Top of THE RECORDS

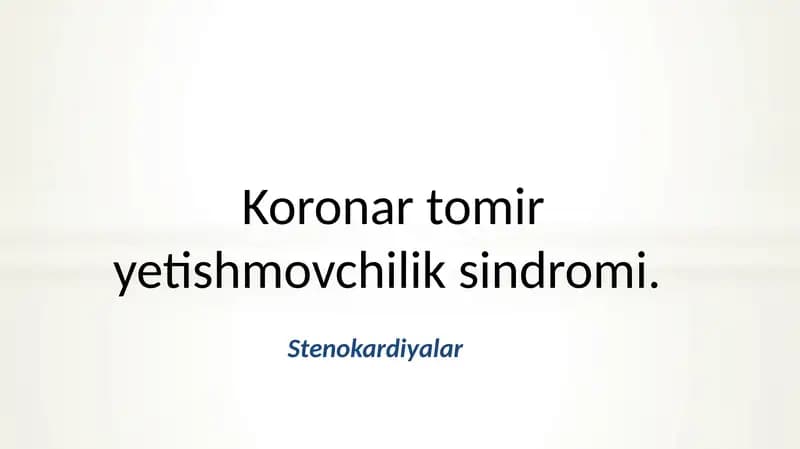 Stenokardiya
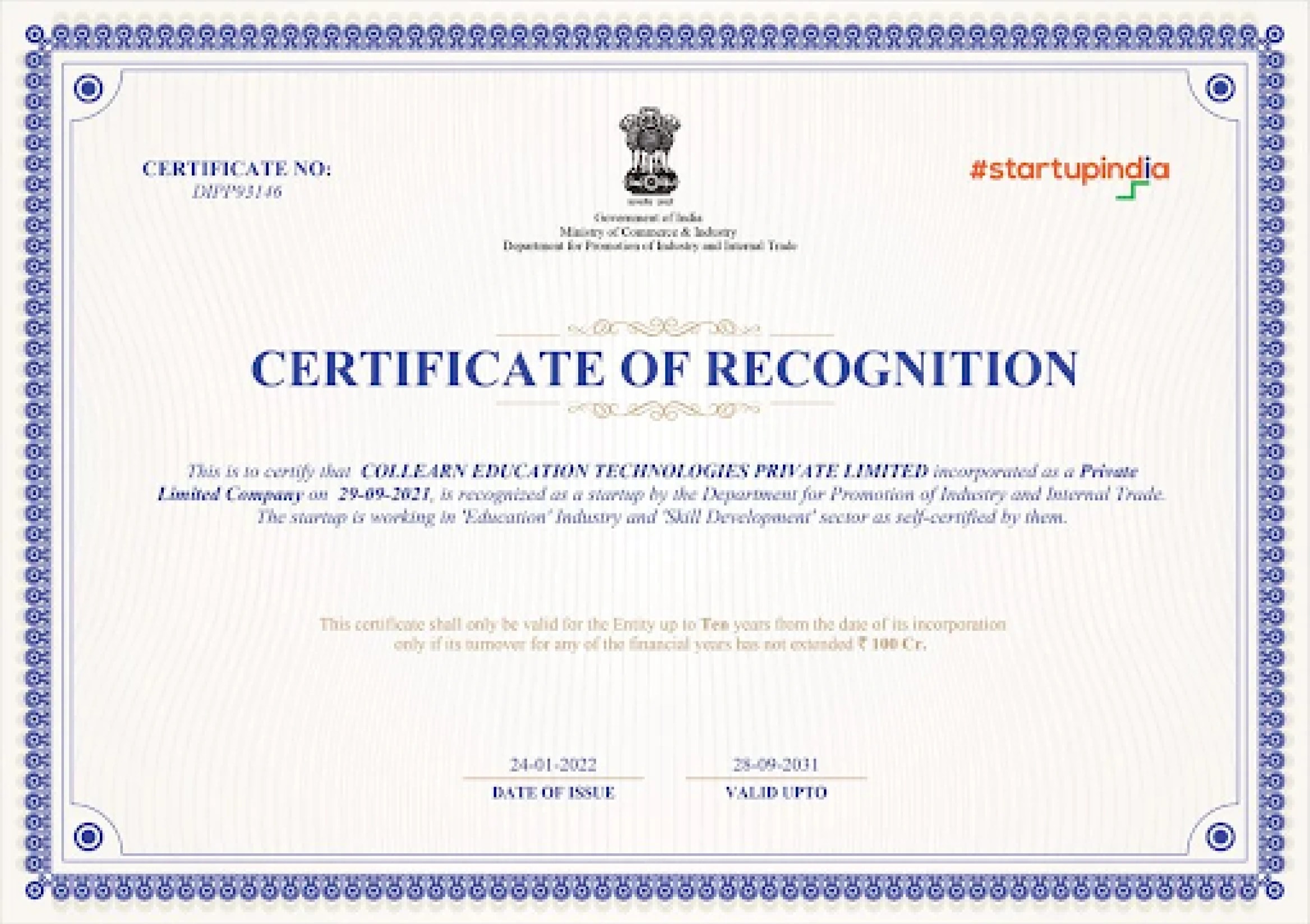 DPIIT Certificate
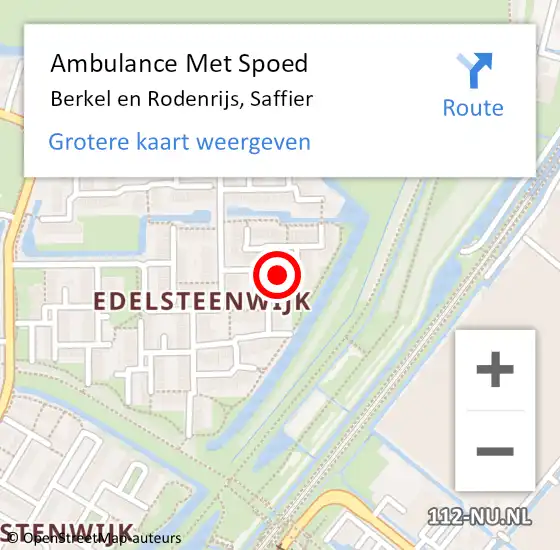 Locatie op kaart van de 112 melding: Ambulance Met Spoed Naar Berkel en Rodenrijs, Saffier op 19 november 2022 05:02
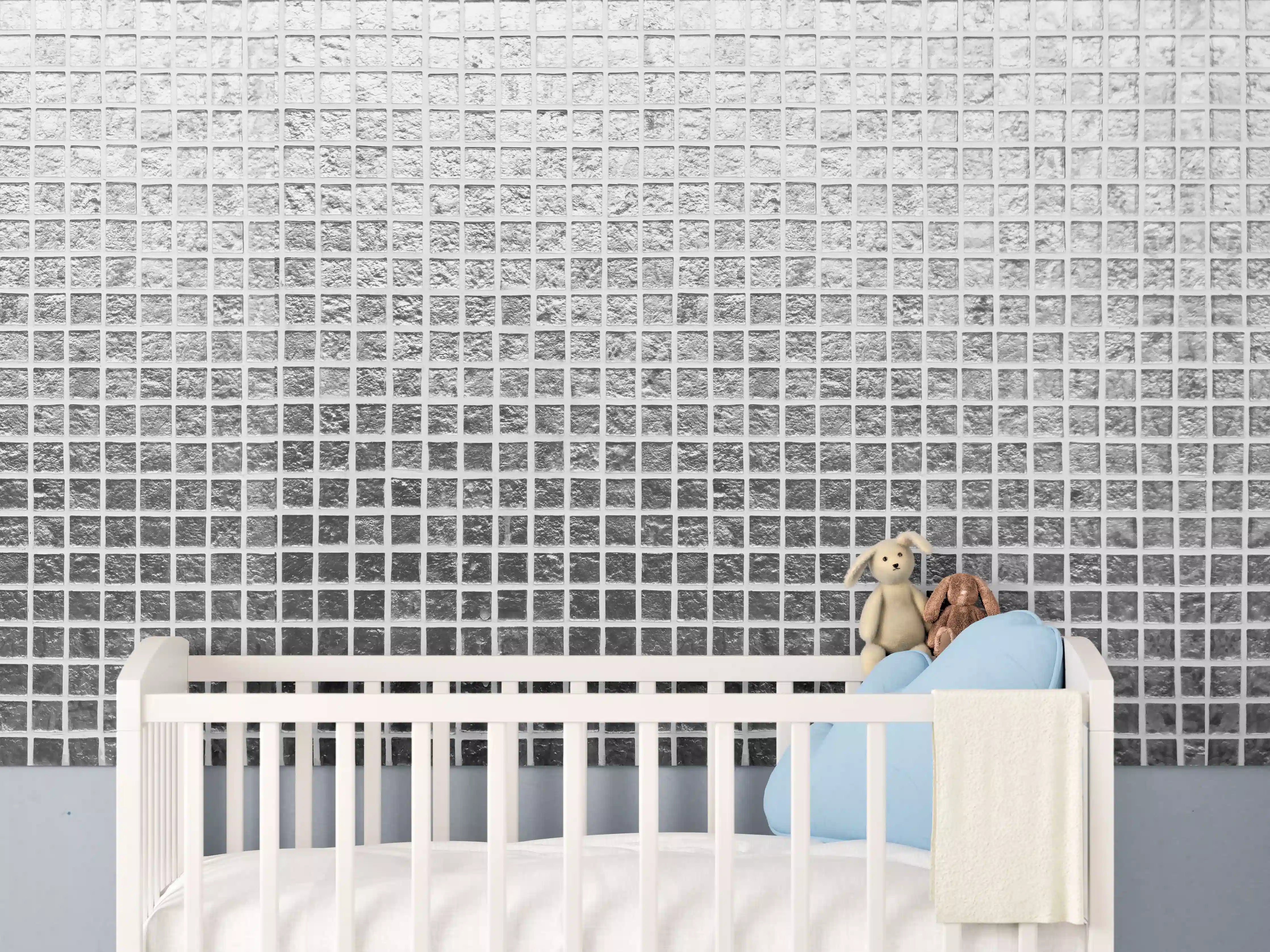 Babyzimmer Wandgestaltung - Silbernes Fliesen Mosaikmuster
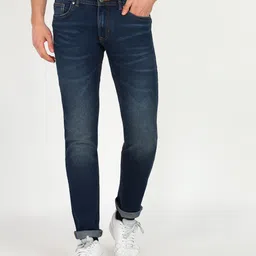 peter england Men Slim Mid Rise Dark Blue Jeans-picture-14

Bottom of THE RECORDS

AIM OF THE TASK:
Wording must stay exact. Give again the lines from the line with "Locatie op kaart" through the last line of the listing, both ends included, without pictures.

EXERCISE SOLUTION:
 Locatie op kaart van de 112 melding: Ambulance Met Spoed Naar Berkel en Rodenrijs, Saffier op 19 november 2022 05:02
 Babyzimmer Wandgestaltung - Silbernes Fliesen Mosaikmuster
 peter england Men Slim Mid Rise Dark Blue Jeans-picture-14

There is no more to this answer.